4.Costs of cost assessment.          

We are told that there was an assessment of the second respondent's costs following the trial.  It should be ordered that those costs be included in the costs of trial awarded to the appellant.

5.Costs of trial on an indemnity basis.          

An offer was made by the appellant prior to trial, to both respondents, to settle the action for $250,000 plus costs.  Order 26 r 10 deals with the application of the Order where there are two or more defendants.  The plaintiff may in such a case "offer to settle with any defendant" unless the defendants are within the scope of r 10(2) - as they are not, in this case.  It is not clear whether r 10(1) should be read as permitting a single offer to be made to more than one defendant.  Assuming the answer to that point is in favour of the appellant, still it would seem proper to decline to make an order for indemnity costs against the second respondent which is already to be subject to the liability to reimburse the appellant in respect of its responsibility for the first respondent's costs of trial.  Particularly having regard to the legal uncertainty attending the liability of the first respondent, it would be unfair to make an order for indemnity costs.

  1. Included in the second respondent's submissions, there is an application for a certificate under the Appeal Costs Fund Act 1973. The Court has a discretion to grant such a certificate if the appeal succeeded "on a question of law" – s 15(1). The second respondent's contention is that an error of law was made by the primary judge in failing to deal with that part of the appellant's case, as pleaded, which succeeded on appeal. Although there is substance in that contention, it appears that the appellant's success depended essentially on this Court reaching a factual conclusion with respect to the second respondent's lack of compliance with its duty of care to the appellant.
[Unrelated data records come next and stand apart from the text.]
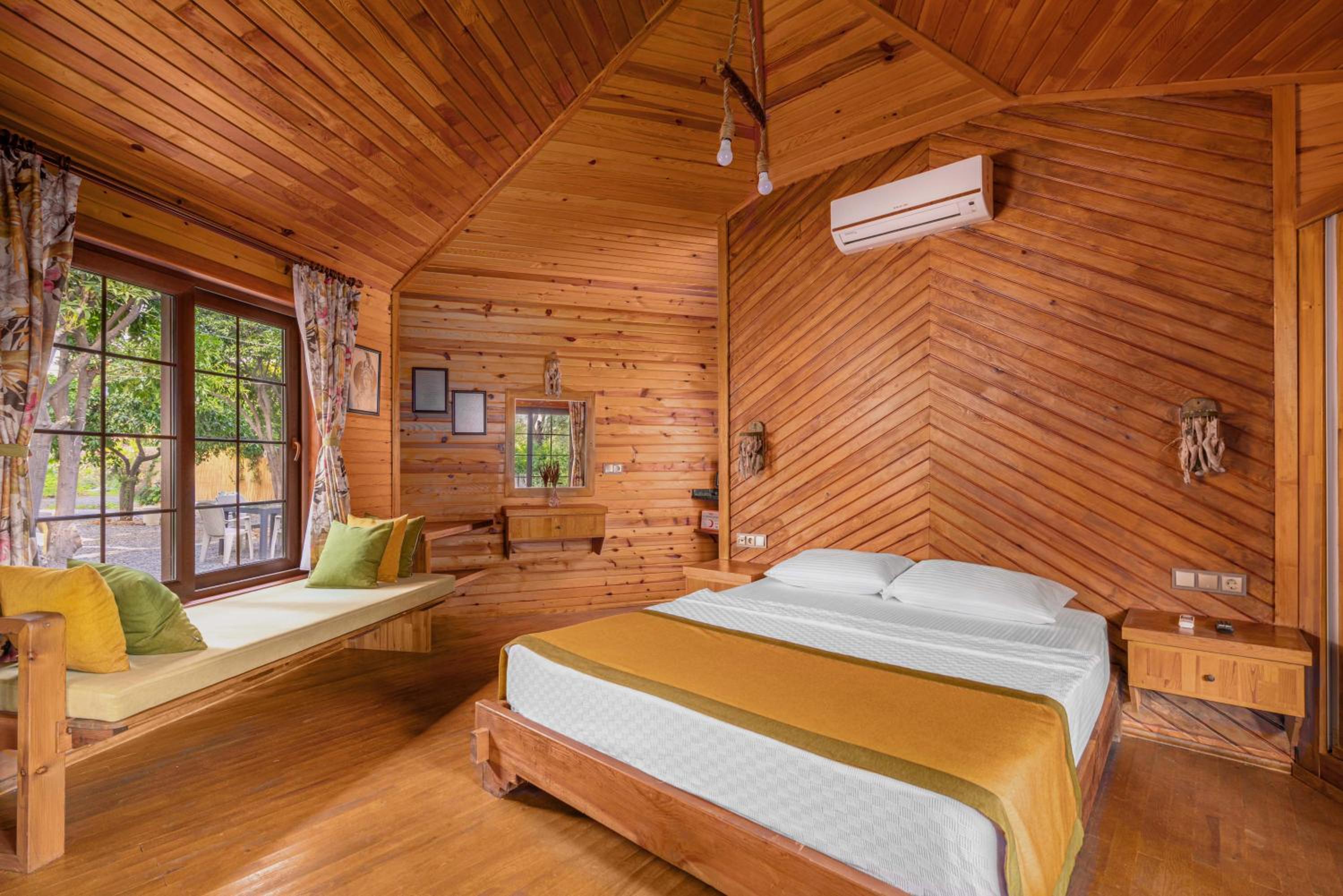 Mandarin Bungalow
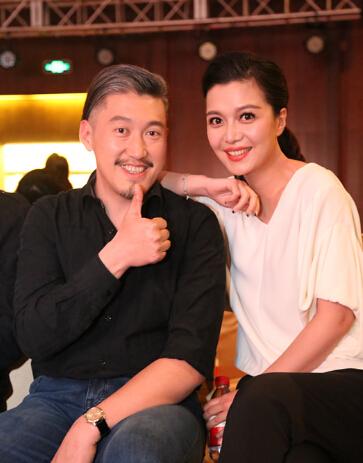 《铁甲舰》开播发布会 丁咛赵春羊徐佳盛装亮相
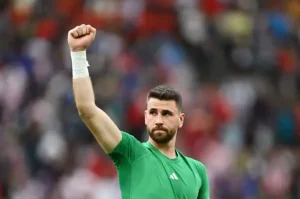 بعد يورو 2024.. حارس أسبانيا في حاجة لعملية جراحية عاجلة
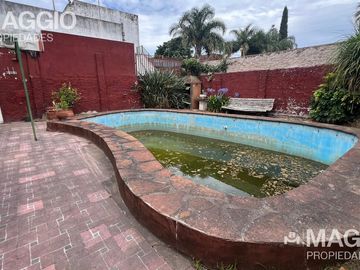 VENTA CASA EN VILLA SARMIENTO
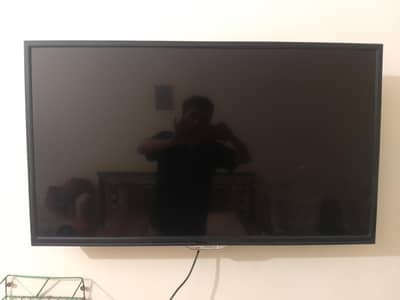 SMART LED 43 INCH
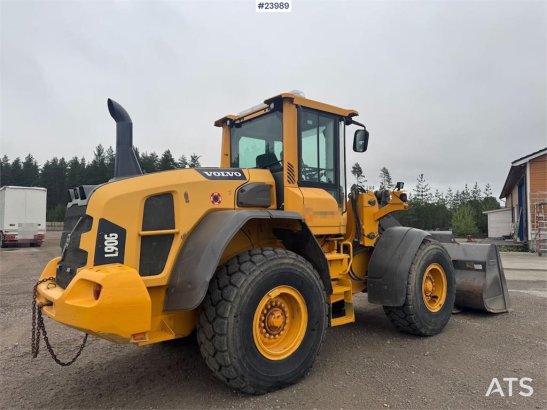 Volvo L90G Wheel Loader – Low Hours – Bucket and Pallet L90G Wheel Loader – Low Hours – Bucket and Pallet 2013 2 Wheel Loa...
It would be stretching the statute too far to hold that in these circumstances the appeal should be classified as one which succeeded on a question of law.

  1. The orders made on 22 December 2000 are varied by ordering that:

1.          The orders for costs made by the learned primary judge be set aside.

2.          The appellant pay the first respondent's costs of the trial and appeal to be assessed.

3.          The second respondent pay to the appellant any sum paid by the appellant in respect of the first respondent's costs of trial.

4.          The second respondent pay the appellant's costs of trial (including the costs of the assessment of the second respondent's costs of trial) to be assessed, and the appellant's costs of the appeal to be assessed.

5.          The second respondent's application for a certificate under the Appeal Costs Fund Act 1973 be refused.